[Image-text web data]
BEGIN
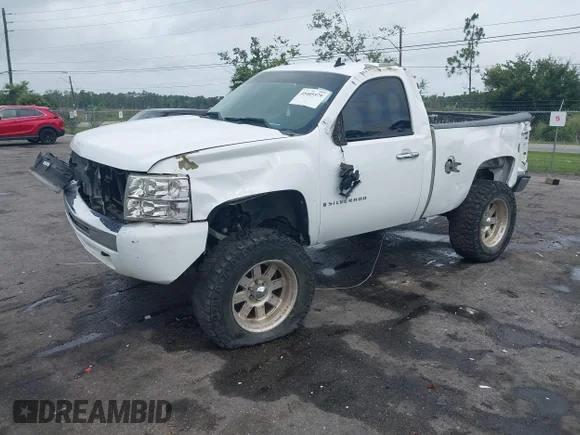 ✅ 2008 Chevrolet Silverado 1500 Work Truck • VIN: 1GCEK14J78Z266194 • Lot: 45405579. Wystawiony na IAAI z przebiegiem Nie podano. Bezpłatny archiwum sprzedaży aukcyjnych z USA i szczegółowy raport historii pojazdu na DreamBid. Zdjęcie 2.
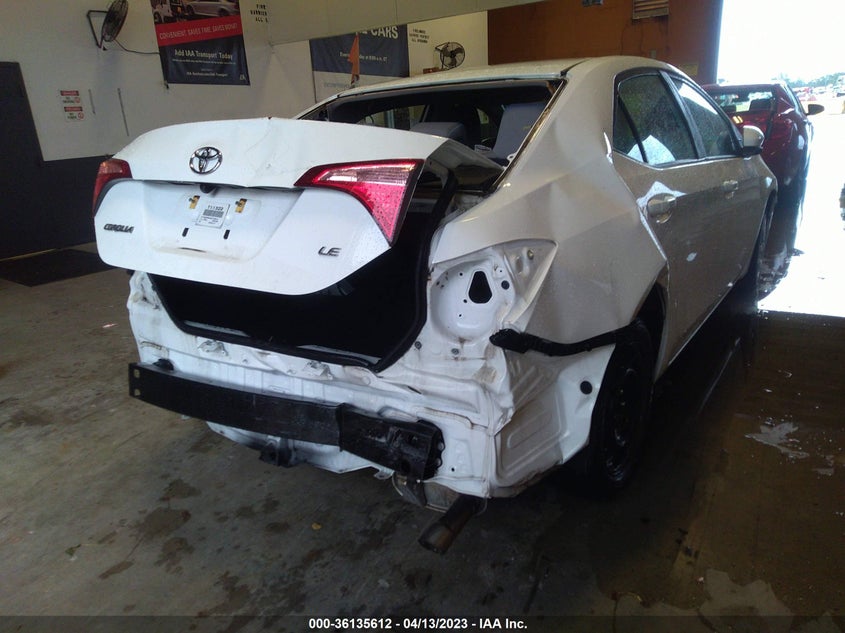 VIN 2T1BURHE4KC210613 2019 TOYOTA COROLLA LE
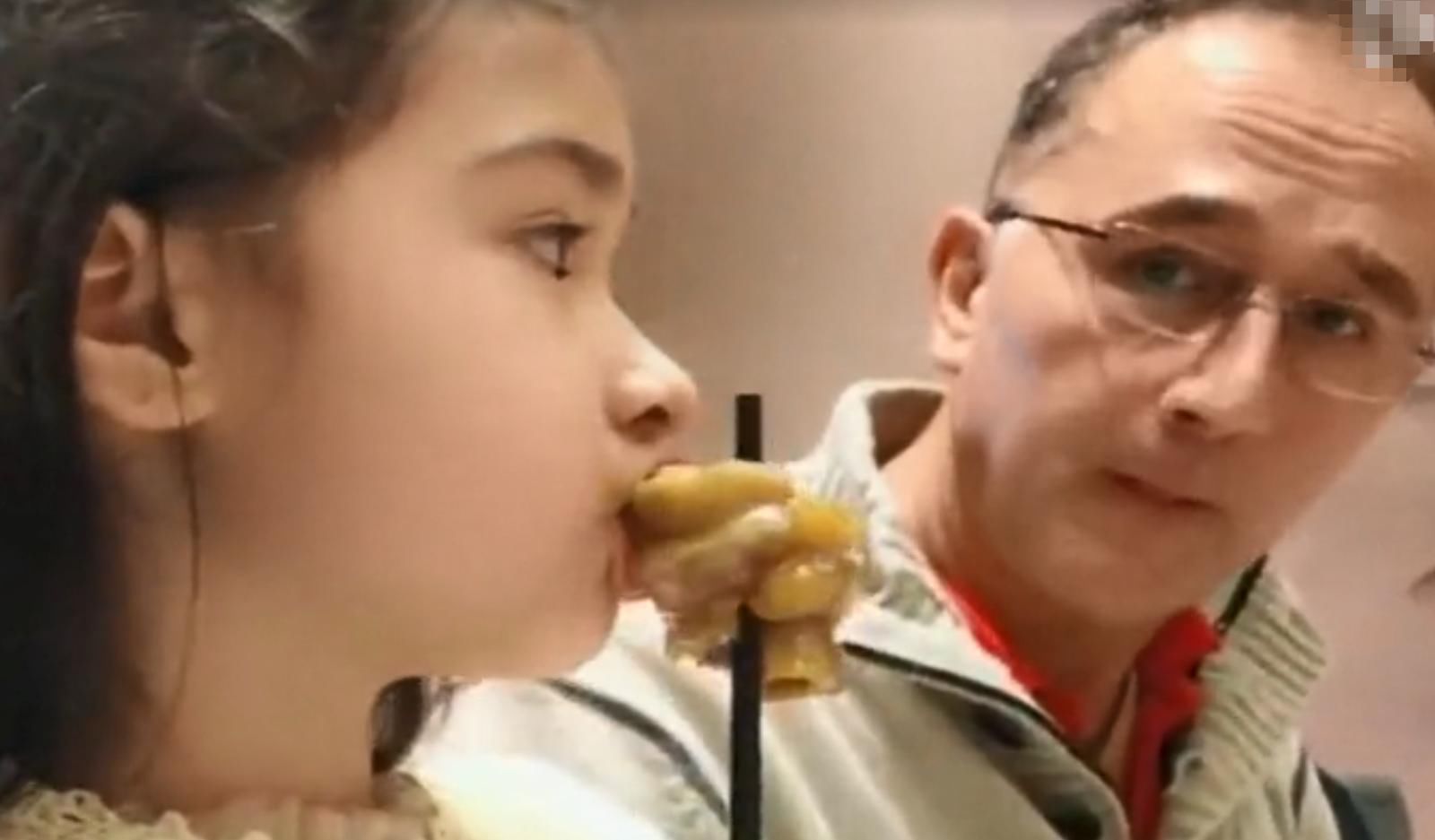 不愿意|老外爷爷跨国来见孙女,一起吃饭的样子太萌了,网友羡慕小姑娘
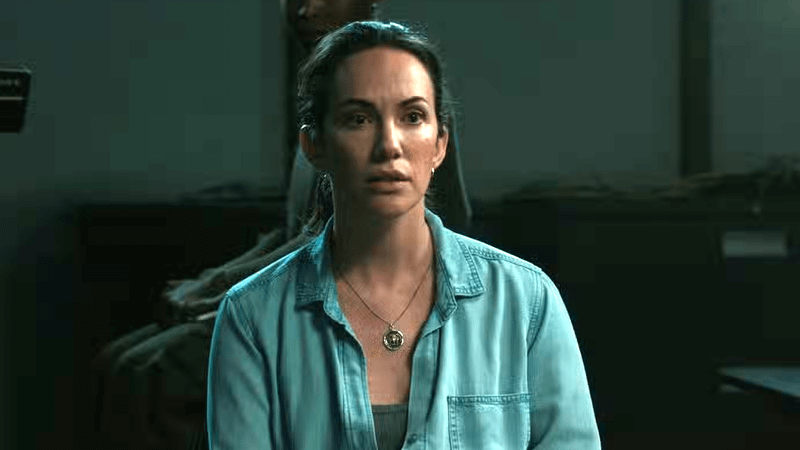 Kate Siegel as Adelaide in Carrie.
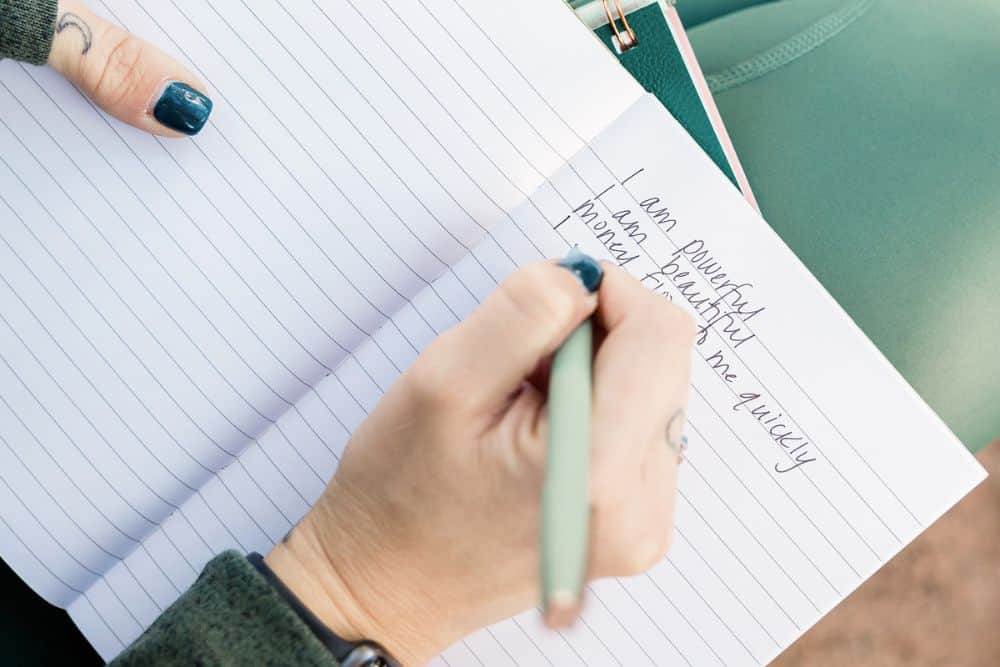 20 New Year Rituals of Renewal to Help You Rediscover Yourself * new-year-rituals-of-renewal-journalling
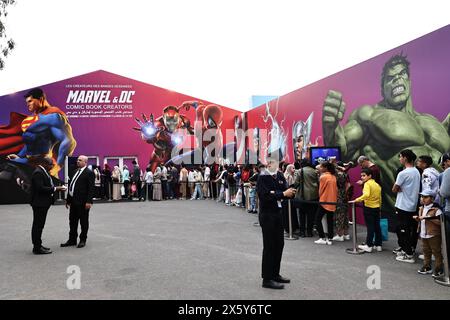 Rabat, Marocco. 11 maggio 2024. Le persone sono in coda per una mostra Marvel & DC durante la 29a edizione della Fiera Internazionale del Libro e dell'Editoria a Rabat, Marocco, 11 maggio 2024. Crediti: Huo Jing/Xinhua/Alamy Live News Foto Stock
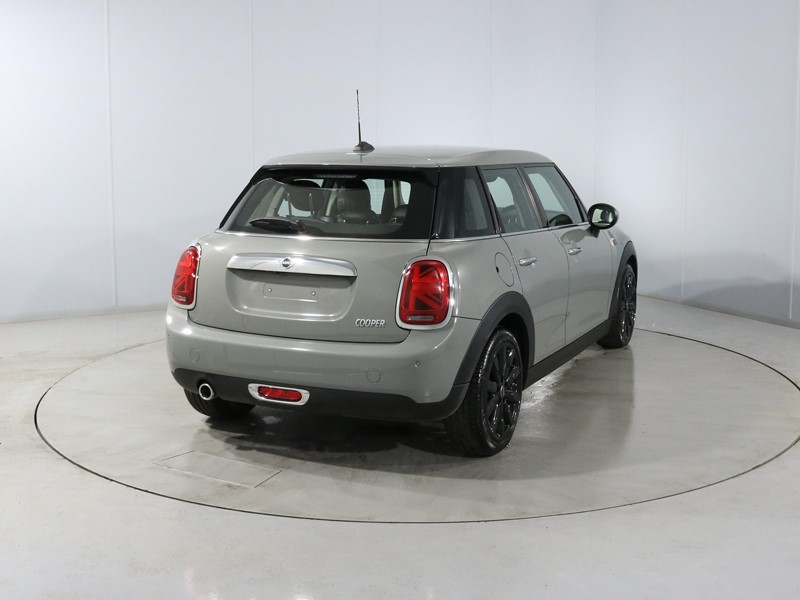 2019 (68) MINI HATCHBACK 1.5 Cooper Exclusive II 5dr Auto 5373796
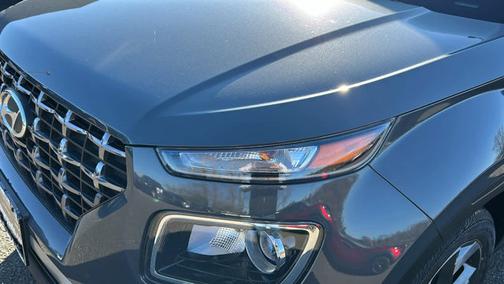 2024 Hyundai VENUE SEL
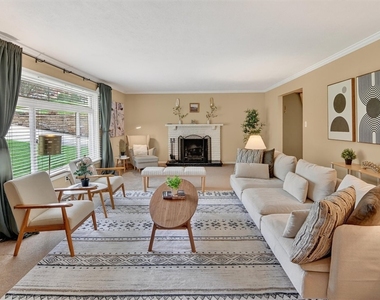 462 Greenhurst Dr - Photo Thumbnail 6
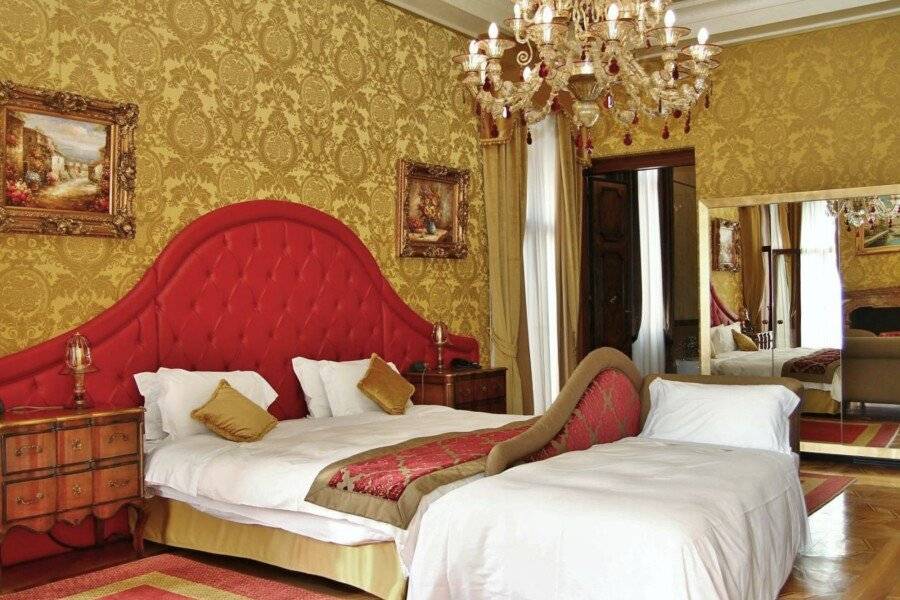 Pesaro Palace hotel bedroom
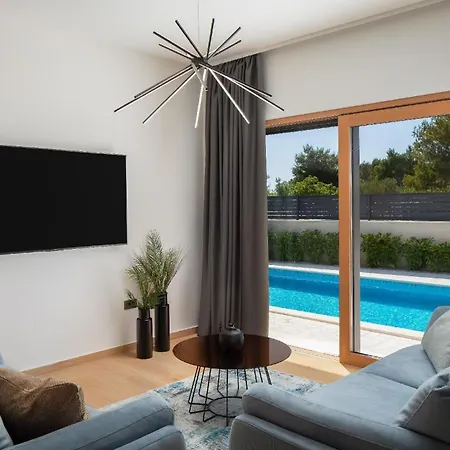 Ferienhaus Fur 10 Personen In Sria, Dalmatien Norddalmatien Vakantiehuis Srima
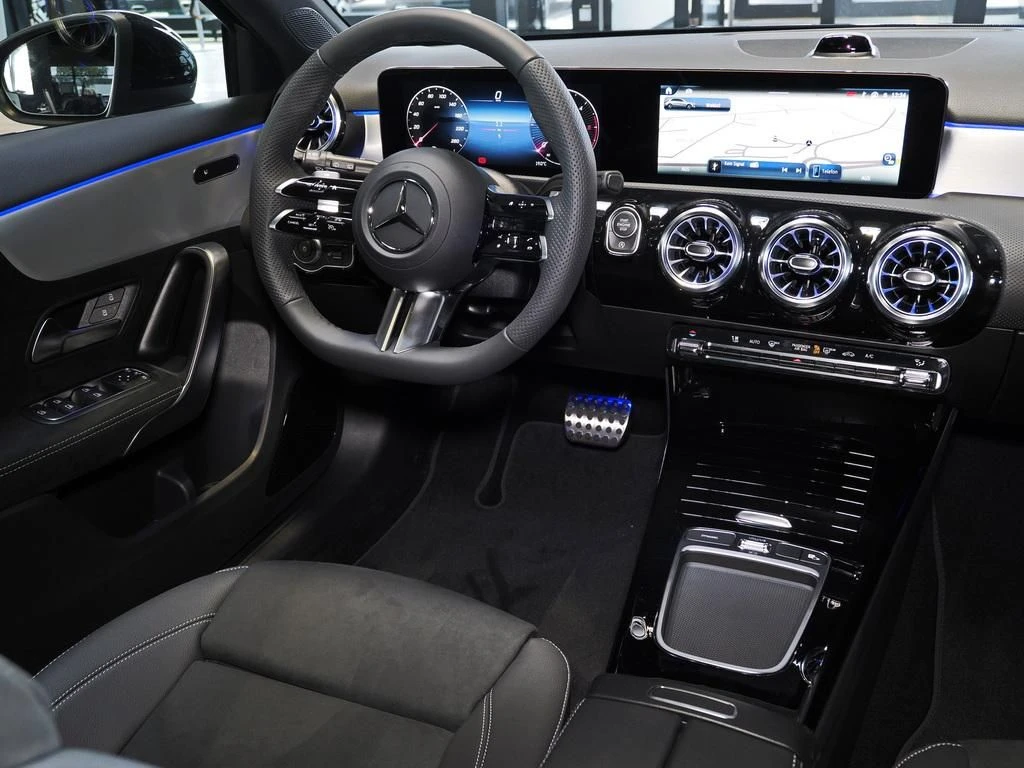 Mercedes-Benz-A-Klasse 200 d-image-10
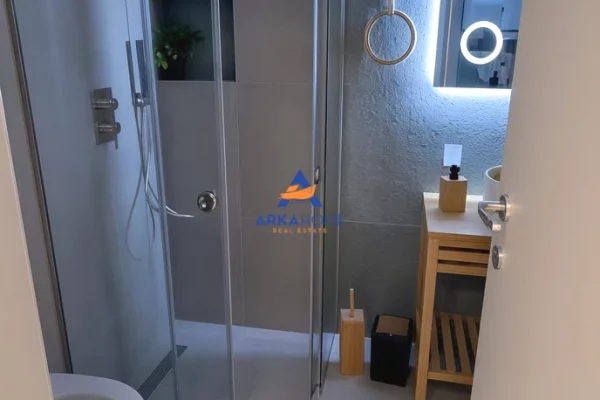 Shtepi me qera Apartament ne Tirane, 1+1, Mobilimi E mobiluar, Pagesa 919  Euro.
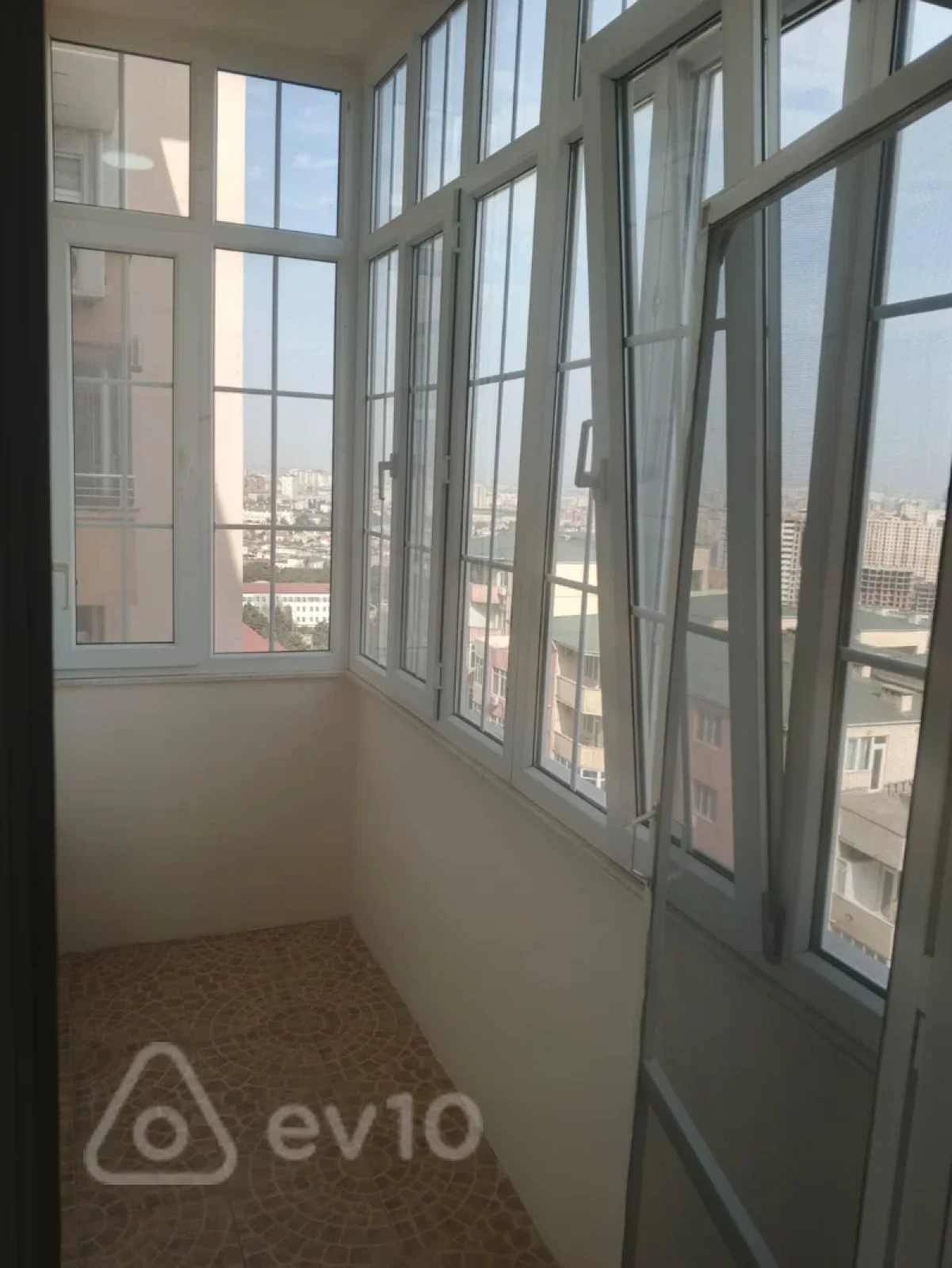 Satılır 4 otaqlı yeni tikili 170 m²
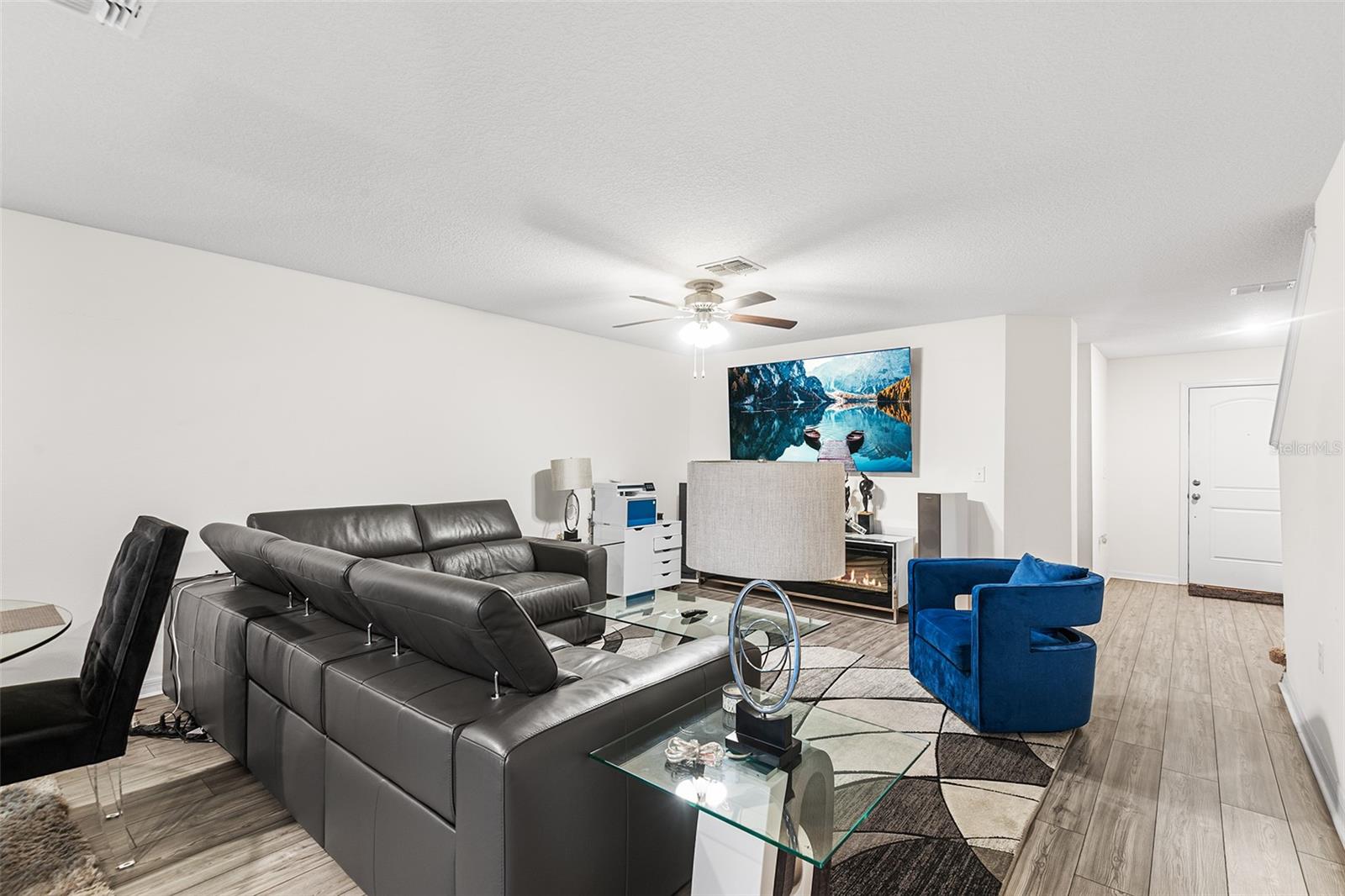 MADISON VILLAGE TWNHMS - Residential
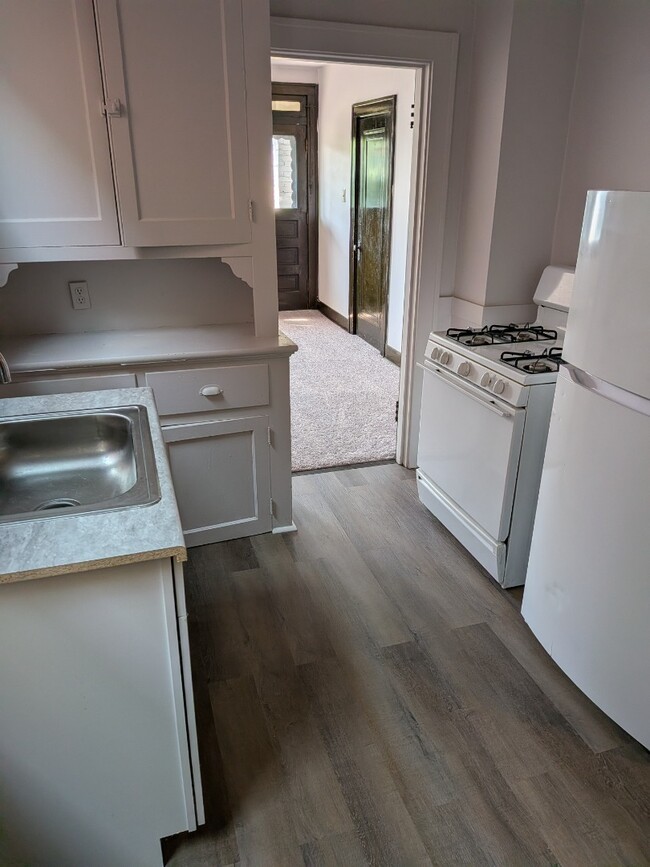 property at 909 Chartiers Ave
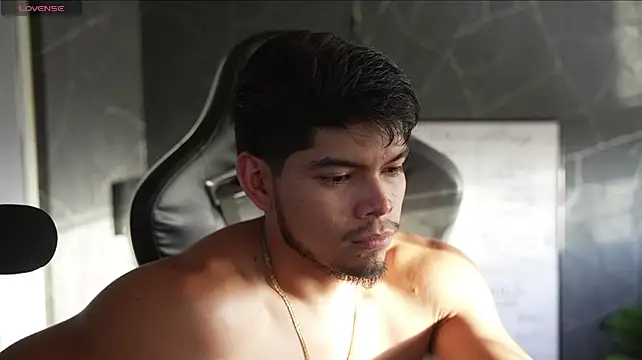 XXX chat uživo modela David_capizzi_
END
- Task goal -
Lines from the one containing "Satılır 4 otaqlı yeni tikili 170 m²" through the final line of the entries above are to be retyped exactly, with every picture left out.

- Solution -
 Satılır 4 otaqlı yeni tikili 170 m²
 MADISON VILLAGE TWNHMS - Residential
 property at 909 Chartiers Ave
 XXX chat uživo modela David_capizzi_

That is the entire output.